Records:
= Beginning of Section =

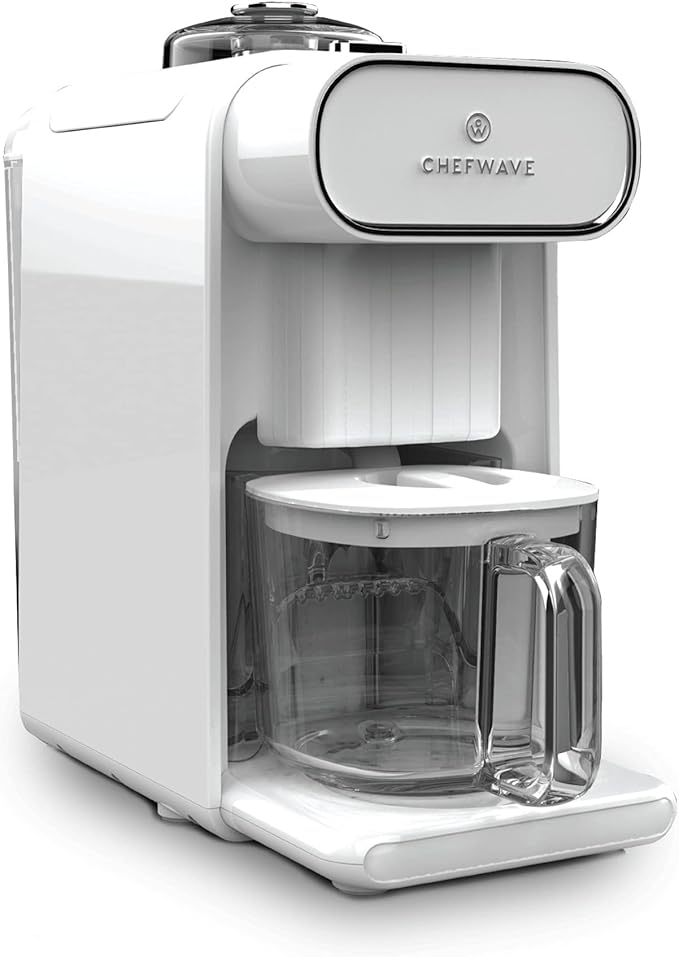 ChefWave Milkmade Non-Dairy Milk Maker with Intermix Hand Blender & Milk Frother (3 Items)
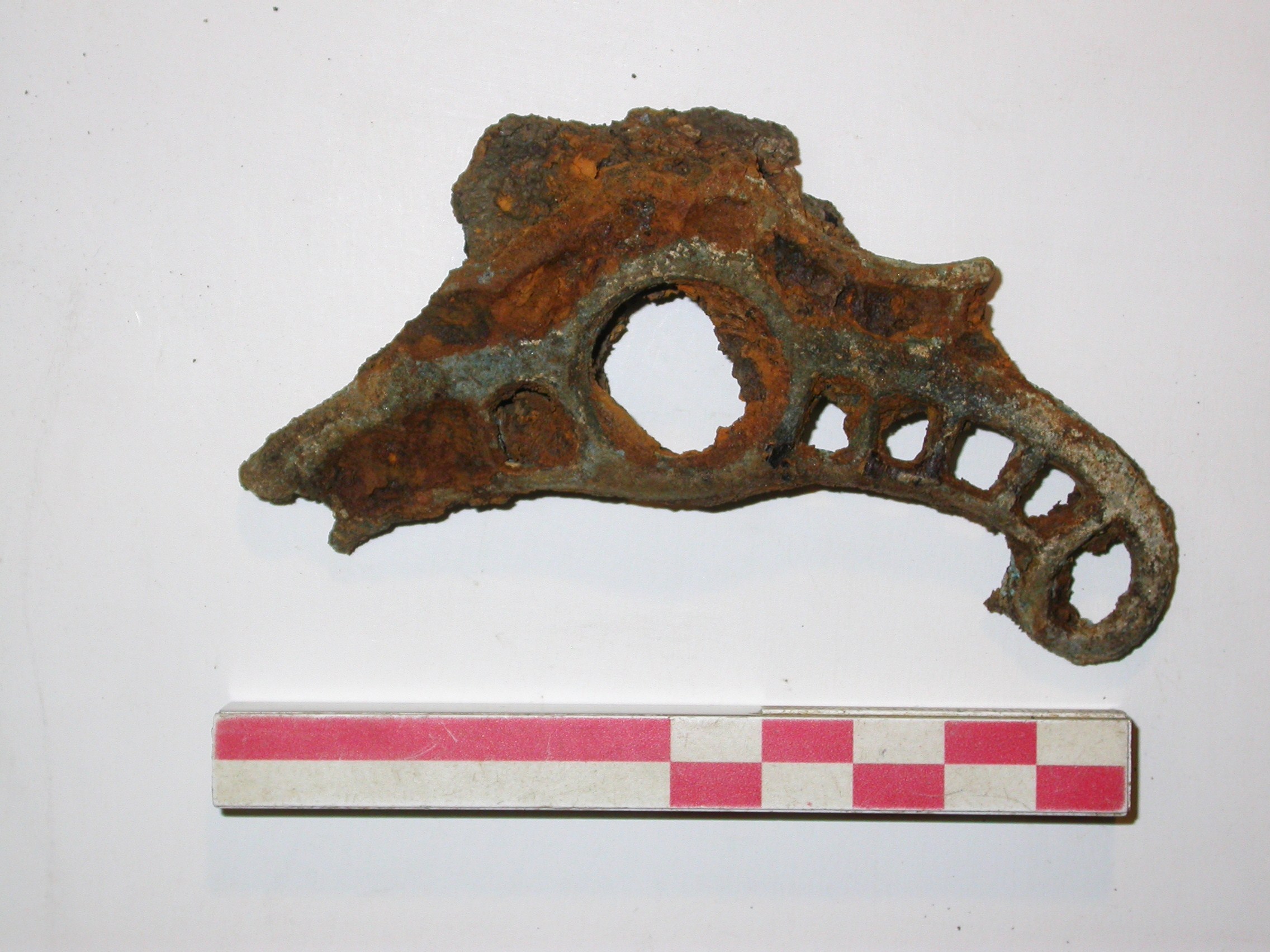 SINGOLO OGGETTO/ morso, PERIODIZZAZIONI/ Protostoria/ Eta' del Ferro/ Prima eta' del Ferro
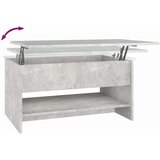 vidaXL stolić za kavu boja betona 80x50x40 cm konstruirano drvo | shoptok.hr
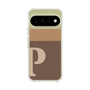 スリムプロテクションケース［ オリジナル - initial two tone - P brown ］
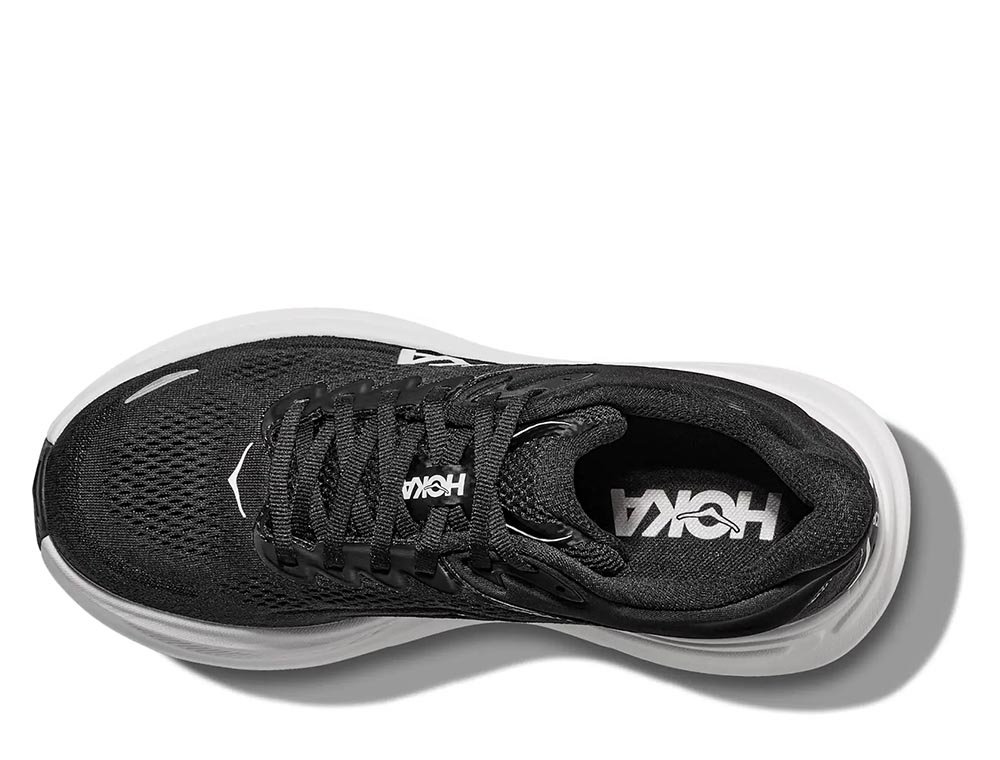 Buty Hoka Bondi 9 M Czarno-Białe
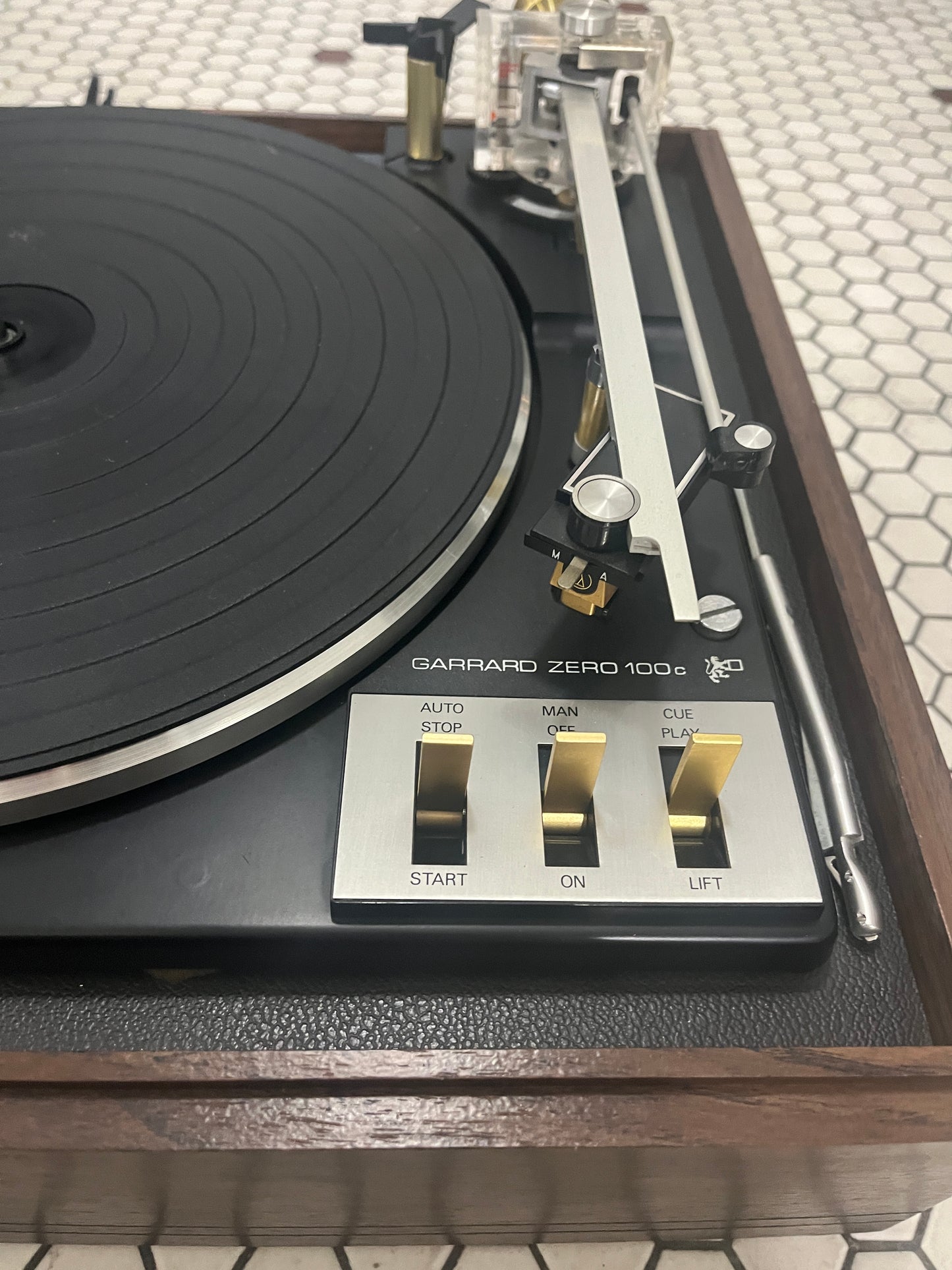 Garrard Zero 100C Turntable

= End of Section =

Your task:
Go through the entries and retype each one exactly, skipping any image.

Exercise response:
 ChefWave Milkmade Non-Dairy Milk Maker with Intermix Hand Blender & Milk Frother (3 Items)
 SINGOLO OGGETTO/ morso, PERIODIZZAZIONI/ Protostoria/ Eta' del Ferro/ Prima eta' del Ferro
 vidaXL stolić za kavu boja betona 80x50x40 cm konstruirano drvo | shoptok.hr
 スリムプロテクションケース［ オリジナル - initial two tone - P brown ］
 Buty Hoka Bondi 9 M Czarno-Białe
 Garrard Zero 100C Turntable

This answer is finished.